**Data listing:**
[Start of Attachment]

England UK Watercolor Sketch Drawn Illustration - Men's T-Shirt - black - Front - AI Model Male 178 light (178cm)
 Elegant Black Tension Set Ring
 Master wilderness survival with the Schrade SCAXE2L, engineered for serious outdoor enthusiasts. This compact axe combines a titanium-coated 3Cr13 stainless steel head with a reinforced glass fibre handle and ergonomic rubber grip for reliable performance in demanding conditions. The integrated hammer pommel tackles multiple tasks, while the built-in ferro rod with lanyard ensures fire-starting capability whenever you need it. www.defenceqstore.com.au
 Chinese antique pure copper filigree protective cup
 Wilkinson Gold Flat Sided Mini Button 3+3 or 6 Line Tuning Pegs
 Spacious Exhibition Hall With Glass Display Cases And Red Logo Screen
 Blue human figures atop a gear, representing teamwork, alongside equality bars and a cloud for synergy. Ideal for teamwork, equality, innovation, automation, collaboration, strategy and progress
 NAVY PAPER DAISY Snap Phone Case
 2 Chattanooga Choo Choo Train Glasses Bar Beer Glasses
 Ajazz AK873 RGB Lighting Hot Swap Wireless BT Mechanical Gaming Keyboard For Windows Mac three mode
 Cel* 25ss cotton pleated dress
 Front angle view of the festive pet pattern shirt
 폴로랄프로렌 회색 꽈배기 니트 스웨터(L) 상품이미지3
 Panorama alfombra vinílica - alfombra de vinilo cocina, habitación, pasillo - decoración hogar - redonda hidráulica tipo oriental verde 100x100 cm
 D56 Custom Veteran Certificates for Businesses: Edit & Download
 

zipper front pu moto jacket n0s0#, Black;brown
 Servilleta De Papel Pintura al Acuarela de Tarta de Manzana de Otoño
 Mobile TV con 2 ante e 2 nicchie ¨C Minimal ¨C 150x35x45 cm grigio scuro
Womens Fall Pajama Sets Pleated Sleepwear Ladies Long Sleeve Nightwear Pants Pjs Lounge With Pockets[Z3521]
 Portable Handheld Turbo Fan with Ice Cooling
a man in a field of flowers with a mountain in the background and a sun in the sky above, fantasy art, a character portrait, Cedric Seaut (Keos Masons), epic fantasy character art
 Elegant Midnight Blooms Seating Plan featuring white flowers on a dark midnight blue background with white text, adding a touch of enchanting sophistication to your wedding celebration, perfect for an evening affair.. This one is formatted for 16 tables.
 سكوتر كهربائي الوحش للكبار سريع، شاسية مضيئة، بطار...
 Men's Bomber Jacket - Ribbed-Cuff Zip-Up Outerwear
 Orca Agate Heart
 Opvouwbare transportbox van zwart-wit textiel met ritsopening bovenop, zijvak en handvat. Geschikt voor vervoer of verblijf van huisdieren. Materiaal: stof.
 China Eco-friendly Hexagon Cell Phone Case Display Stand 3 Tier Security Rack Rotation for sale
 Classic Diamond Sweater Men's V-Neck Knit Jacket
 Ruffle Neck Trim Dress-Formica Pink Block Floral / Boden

[End of Attachment]

**Instructions to follow:** The answer is each line in which the word "Display" occurs, copied from the material above.

**Answer box:**
 Spacious Exhibition Hall With Glass Display Cases And Red Logo Screen
 China Eco-friendly Hexagon Cell Phone Case Display Stand 3 Tier Security Rack Rotation for sale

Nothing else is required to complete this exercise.